Title: Synergic control of action in levodopa-naïve Parkinson's disease patients: II. Multi-muscle synergies stabilizing vertical posture.

Authors: Freitas, Sandra M S F; de Freitas, Paulo B; Falaki, Ali; Corson, Tyler; Lewis, Mechelle M; Huang, Xuemei; Latash, Mark L

Published In Exp Brain Res, (2020 Dec)

Abstract: Postural instability is a major disabling feature in Parkinson's disease (PD). We quantified the organization of leg and trunk muscles into synergies stabilizing the center of pressure (COP) coordinate within the uncontrolled manifold hypothesis in levodopa-naïve patients with PD and age-matched control subjects. The main hypothesis was that changes in the synergic control of posture are present early in the PD process even before levodopa exposure. Eleven levodopa-naïve patients with PD and 11 healthy controls performed whole-body cyclical voluntary sway tasks and a self-initiated load-release task during standing on a force plate. Surface electromyographic activity in 13 muscles on the right side of the body was analyzed to identify muscle groups with parallel scaling of activation levels (M-modes). Data were collected both before ("off-drug") and approximately 60 min after the first dose of 25/100 carbidopa/levodopa ("on-drug"). COP-stabilizing synergies were quantified for the load-release task.
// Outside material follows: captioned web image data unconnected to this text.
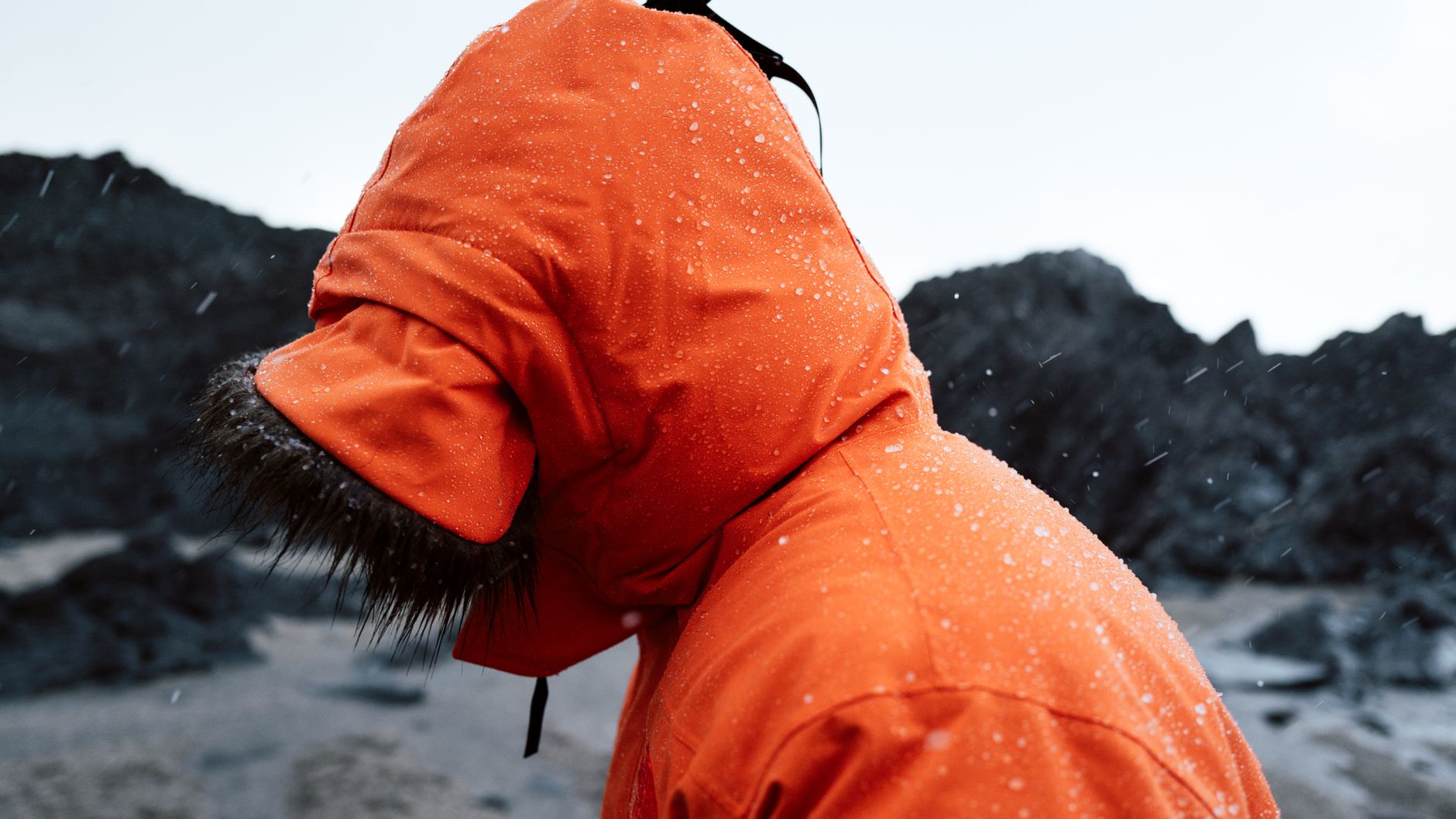 Marcheur en veste orange face à un rivage rocheux sous une pluie hivernale prolongée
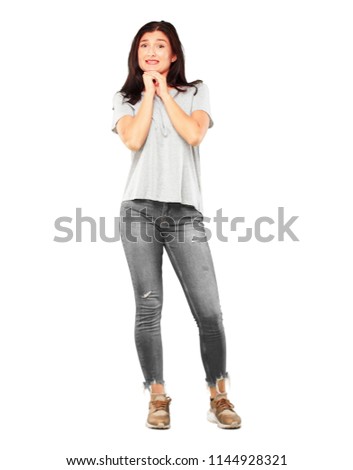 young pretty girl full body with a stressed gesture, with both hands clenched half covering face.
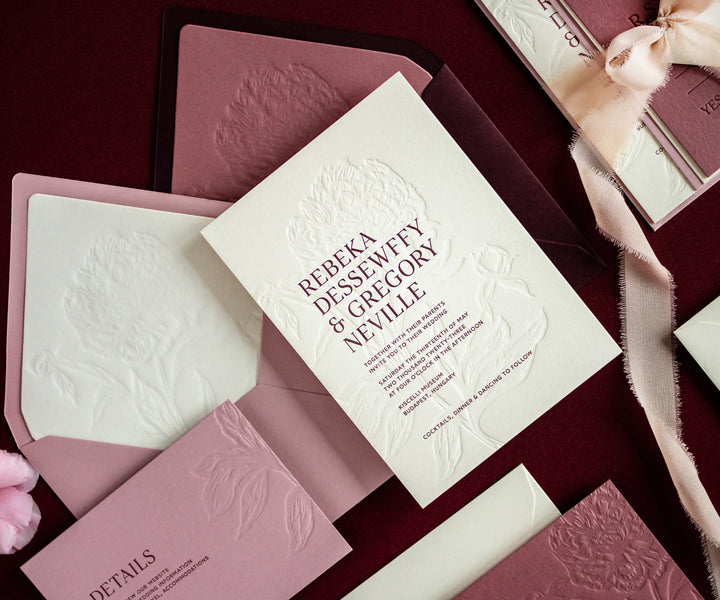 Letterpress wedding invitation with blind and bordeaux colour printing and envelope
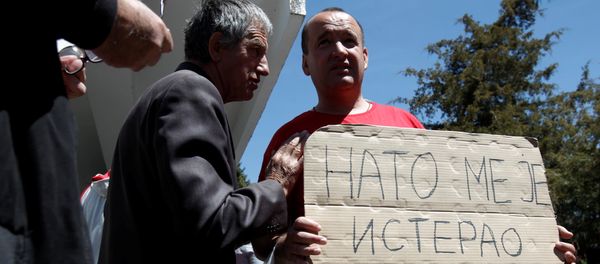 A protester holds a banner that reads NATO forced me out of Kosovo after a protest described as a parallel parliament, ahead of April 28's parliament vote to ratify the Montenegro's NATO membership, in the village of Murino, Montenegro, April 26, 2017 - Sputnik International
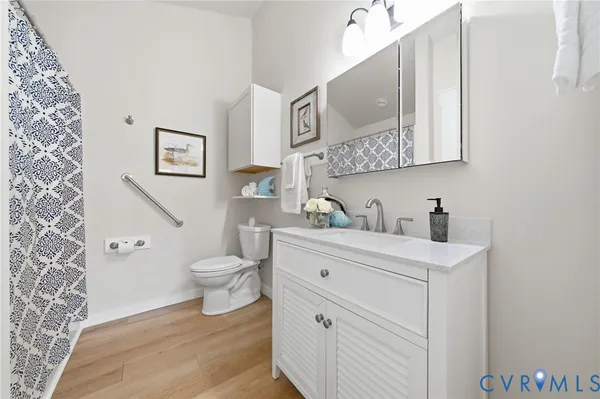 a bathroom with a granite countertop toilet sink and mirror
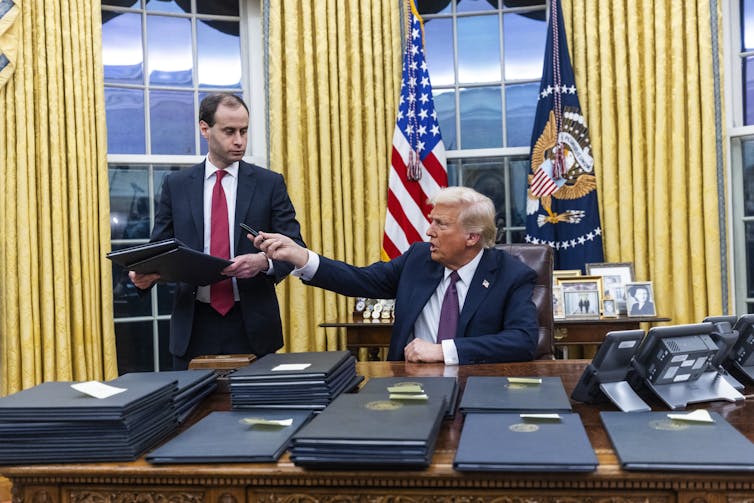 Donald Trump behind the Resolute Desk, hands a pen and some folders to an aide.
Levodopa-naïve patients with PD showed no COP-stabilizing synergy "off-drug", whereas controls showed posture-stabilizing multi-M-mode synergy. "On-drug", patients with PD demonstrated a significant increase in the synergy index. There were no significant drug effects on the M-mode composition, anticipatory postural adjustments, indices of motor equivalence, or indices of COP variability. The results suggest that levodopa-naïve patients with PD already show impaired posture-stabilizing multi-muscle synergies that may be used as promising behavioral biomarkers for emerging postural disorders in PD. Moreover, levodopa modified synergy metrics differently in these levodopa-naïve patients compared to a previous study of patients on chronic antiparkinsonian medications (Falaki et al. in J Electromyogr Kinesiol 33:20-26, 2017a), suggesting different neurocircuitry involvement.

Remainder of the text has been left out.